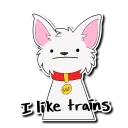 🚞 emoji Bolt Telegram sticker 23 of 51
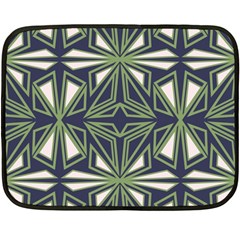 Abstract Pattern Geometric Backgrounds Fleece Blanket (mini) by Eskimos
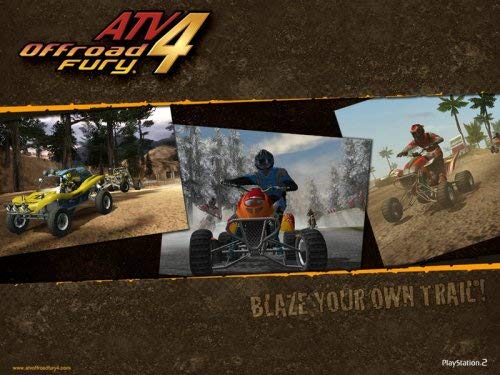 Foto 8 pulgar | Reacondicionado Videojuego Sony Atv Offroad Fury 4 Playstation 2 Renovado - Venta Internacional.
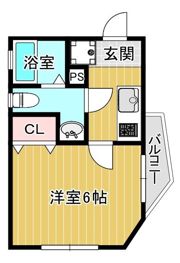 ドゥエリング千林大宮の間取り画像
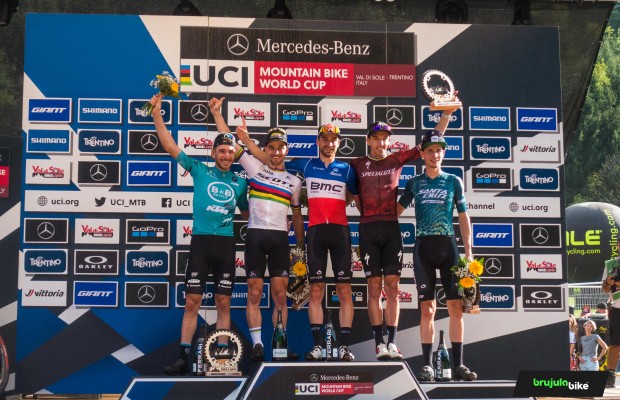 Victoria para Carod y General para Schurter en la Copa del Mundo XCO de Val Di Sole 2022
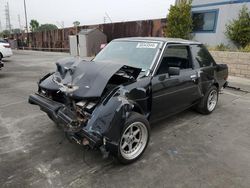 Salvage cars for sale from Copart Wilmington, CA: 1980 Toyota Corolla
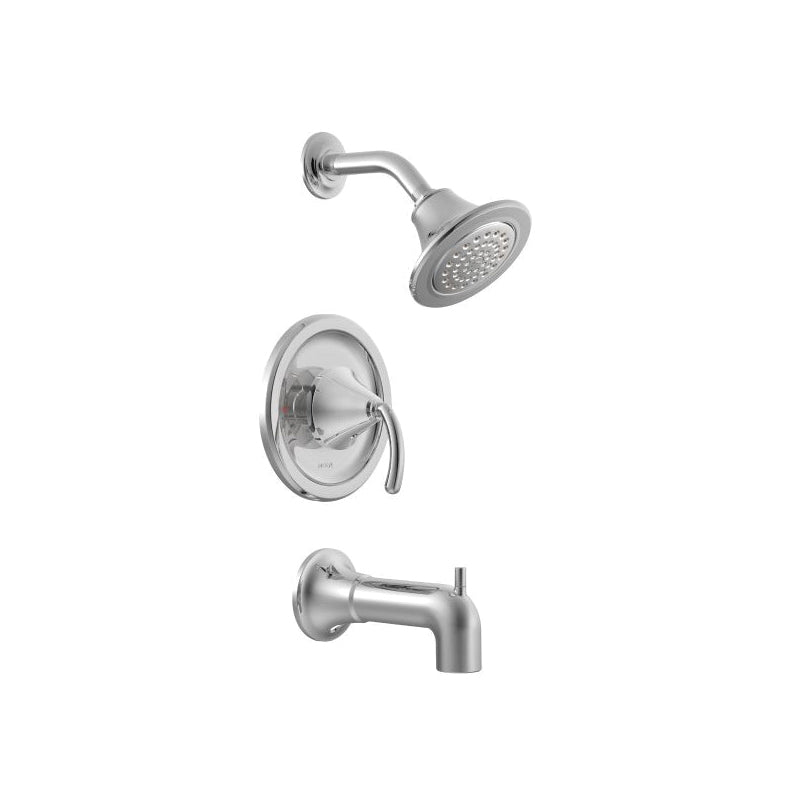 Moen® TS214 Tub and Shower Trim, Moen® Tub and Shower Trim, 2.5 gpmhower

:::

ABOUT THIS TASK. Return exactly the lines from the line with "Foto 8 pulgar" through the last line of the data above, both included; pictures do not go in the answer.

RESULT FOR THIS TASK.
 Foto 8 pulgar | Reacondicionado Videojuego Sony Atv Offroad Fury 4 Playstation 2 Renovado - Venta Internacional.
 ドゥエリング千林大宮の間取り画像
 Victoria para Carod y General para Schurter en la Copa del Mundo XCO de Val Di Sole 2022
 Salvage cars for sale from Copart Wilmington, CA: 1980 Toyota Corolla
 Moen® TS214 Tub and Shower Trim, Moen® Tub and Shower Trim, 2.5 gpmhower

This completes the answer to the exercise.